Source data
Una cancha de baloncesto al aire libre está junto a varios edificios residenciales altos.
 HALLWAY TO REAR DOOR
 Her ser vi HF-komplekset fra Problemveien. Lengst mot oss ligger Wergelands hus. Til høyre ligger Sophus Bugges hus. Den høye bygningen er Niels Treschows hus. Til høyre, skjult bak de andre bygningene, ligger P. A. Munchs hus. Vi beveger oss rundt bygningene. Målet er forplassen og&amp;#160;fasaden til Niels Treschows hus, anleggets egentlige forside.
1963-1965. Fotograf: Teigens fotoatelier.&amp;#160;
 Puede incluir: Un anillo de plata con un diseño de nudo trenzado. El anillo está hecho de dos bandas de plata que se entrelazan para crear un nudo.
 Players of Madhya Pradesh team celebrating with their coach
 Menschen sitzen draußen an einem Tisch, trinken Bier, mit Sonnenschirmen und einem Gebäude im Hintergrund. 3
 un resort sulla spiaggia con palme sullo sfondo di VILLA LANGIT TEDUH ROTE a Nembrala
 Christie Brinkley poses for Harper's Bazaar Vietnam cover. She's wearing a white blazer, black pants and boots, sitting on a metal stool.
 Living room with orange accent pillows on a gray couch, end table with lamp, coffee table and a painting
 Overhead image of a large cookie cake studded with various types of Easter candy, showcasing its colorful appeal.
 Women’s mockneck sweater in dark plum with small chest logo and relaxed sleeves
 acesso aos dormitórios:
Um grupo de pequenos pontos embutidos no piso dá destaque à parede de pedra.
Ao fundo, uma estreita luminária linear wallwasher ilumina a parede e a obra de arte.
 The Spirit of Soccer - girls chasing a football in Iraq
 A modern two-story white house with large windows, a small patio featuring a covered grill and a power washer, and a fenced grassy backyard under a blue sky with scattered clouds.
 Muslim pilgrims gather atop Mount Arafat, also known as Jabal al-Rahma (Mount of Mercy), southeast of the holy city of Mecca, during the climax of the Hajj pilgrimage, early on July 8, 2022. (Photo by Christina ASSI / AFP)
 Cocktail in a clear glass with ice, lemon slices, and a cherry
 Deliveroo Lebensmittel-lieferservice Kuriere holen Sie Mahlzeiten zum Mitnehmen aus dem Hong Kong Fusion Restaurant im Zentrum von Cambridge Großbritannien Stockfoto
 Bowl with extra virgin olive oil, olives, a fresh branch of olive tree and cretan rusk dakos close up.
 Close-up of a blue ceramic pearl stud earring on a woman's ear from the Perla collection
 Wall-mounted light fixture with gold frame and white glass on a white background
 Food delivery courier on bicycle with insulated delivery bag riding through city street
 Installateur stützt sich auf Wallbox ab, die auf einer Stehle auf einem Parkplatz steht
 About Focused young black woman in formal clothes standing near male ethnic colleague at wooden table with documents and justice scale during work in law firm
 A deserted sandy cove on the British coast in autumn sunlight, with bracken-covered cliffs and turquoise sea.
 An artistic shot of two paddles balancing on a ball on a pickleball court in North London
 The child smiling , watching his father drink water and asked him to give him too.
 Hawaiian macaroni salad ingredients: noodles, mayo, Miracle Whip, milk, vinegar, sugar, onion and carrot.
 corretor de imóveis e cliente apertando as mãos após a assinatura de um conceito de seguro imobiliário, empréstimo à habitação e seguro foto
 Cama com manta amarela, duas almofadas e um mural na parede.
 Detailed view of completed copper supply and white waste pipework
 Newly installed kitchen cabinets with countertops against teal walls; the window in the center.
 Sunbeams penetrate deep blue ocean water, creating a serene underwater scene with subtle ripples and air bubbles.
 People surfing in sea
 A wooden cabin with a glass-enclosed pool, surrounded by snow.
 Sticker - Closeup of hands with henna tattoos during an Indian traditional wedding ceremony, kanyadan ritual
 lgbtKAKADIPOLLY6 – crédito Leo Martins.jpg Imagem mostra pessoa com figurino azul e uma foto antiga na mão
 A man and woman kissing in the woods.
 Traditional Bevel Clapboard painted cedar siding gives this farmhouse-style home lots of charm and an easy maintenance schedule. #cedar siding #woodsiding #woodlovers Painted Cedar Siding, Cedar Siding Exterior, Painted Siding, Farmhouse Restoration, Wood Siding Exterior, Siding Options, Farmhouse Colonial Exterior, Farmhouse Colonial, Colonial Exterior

Task
Write out the entries above once more, without altering anything.

Response
Una cancha de baloncesto al aire libre está junto a varios edificios residenciales altos.
 HALLWAY TO REAR DOOR
 Her ser vi HF-komplekset fra Problemveien. Lengst mot oss ligger Wergelands hus. Til høyre ligger Sophus Bugges hus. Den høye bygningen er Niels Treschows hus. Til høyre, skjult bak de andre bygningene, ligger P. A. Munchs hus. Vi beveger oss rundt bygningene. Målet er forplassen og&amp;#160;fasaden til Niels Treschows hus, anleggets egentlige forside.
1963-1965. Fotograf: Teigens fotoatelier.&amp;#160;
 Puede incluir: Un anillo de plata con un diseño de nudo trenzado. El anillo está hecho de dos bandas de plata que se entrelazan para crear un nudo.
 Players of Madhya Pradesh team celebrating with their coach
 Menschen sitzen draußen an einem Tisch, trinken Bier, mit Sonnenschirmen und einem Gebäude im Hintergrund. 3
 un resort sulla spiaggia con palme sullo sfondo di VILLA LANGIT TEDUH ROTE a Nembrala
 Christie Brinkley poses for Harper's Bazaar Vietnam cover. She's wearing a white blazer, black pants and boots, sitting on a metal stool.
 Living room with orange accent pillows on a gray couch, end table with lamp, coffee table and a painting
 Overhead image of a large cookie cake studded with various types of Easter candy, showcasing its colorful appeal.
 Women’s mockneck sweater in dark plum with small chest logo and relaxed sleeves
 acesso aos dormitórios:
Um grupo de pequenos pontos embutidos no piso dá destaque à parede de pedra.
Ao fundo, uma estreita luminária linear wallwasher ilumina a parede e a obra de arte.
 The Spirit of Soccer - girls chasing a football in Iraq
 A modern two-story white house with large windows, a small patio featuring a covered grill and a power washer, and a fenced grassy backyard under a blue sky with scattered clouds.
 Muslim pilgrims gather atop Mount Arafat, also known as Jabal al-Rahma (Mount of Mercy), southeast of the holy city of Mecca, during the climax of the Hajj pilgrimage, early on July 8, 2022. (Photo by Christina ASSI / AFP)
 Cocktail in a clear glass with ice, lemon slices, and a cherry
 Deliveroo Lebensmittel-lieferservice Kuriere holen Sie Mahlzeiten zum Mitnehmen aus dem Hong Kong Fusion Restaurant im Zentrum von Cambridge Großbritannien Stockfoto
 Bowl with extra virgin olive oil, olives, a fresh branch of olive tree and cretan rusk dakos close up.
 Close-up of a blue ceramic pearl stud earring on a woman's ear from the Perla collection
 Wall-mounted light fixture with gold frame and white glass on a white background
 Food delivery courier on bicycle with insulated delivery bag riding through city street
 Installateur stützt sich auf Wallbox ab, die auf einer Stehle auf einem Parkplatz steht
 About Focused young black woman in formal clothes standing near male ethnic colleague at wooden table with documents and justice scale during work in law firm
 A deserted sandy cove on the British coast in autumn sunlight, with bracken-covered cliffs and turquoise sea.
 An artistic shot of two paddles balancing on a ball on a pickleball court in North London
 The child smiling , watching his father drink water and asked him to give him too.
 Hawaiian macaroni salad ingredients: noodles, mayo, Miracle Whip, milk, vinegar, sugar, onion and carrot.
 corretor de imóveis e cliente apertando as mãos após a assinatura de um conceito de seguro imobiliário, empréstimo à habitação e seguro foto
 Cama com manta amarela, duas almofadas e um mural na parede.
 Detailed view of completed copper supply and white waste pipework
 Newly installed kitchen cabinets with countertops against teal walls; the window in the center.
 Sunbeams penetrate deep blue ocean water, creating a serene underwater scene with subtle ripples and air bubbles.
 People surfing in sea
 A wooden cabin with a glass-enclosed pool, surrounded by snow.
 Sticker - Closeup of hands with henna tattoos during an Indian traditional wedding ceremony, kanyadan ritual
 lgbtKAKADIPOLLY6 – crédito Leo Martins.jpg Imagem mostra pessoa com figurino azul e uma foto antiga na mão
 A man and woman kissing in the woods.
 Traditional Bevel Clapboard painted cedar siding gives this farmhouse-style home lots of charm and an easy maintenance schedule. #cedar siding #woodsiding #woodlovers Painted Cedar Siding, Cedar Siding Exterior, Painted Siding, Farmhouse Restoration, Wood Siding Exterior, Siding Options, Farmhouse Colonial Exterior, Farmhouse Colonial, Colonial Exterior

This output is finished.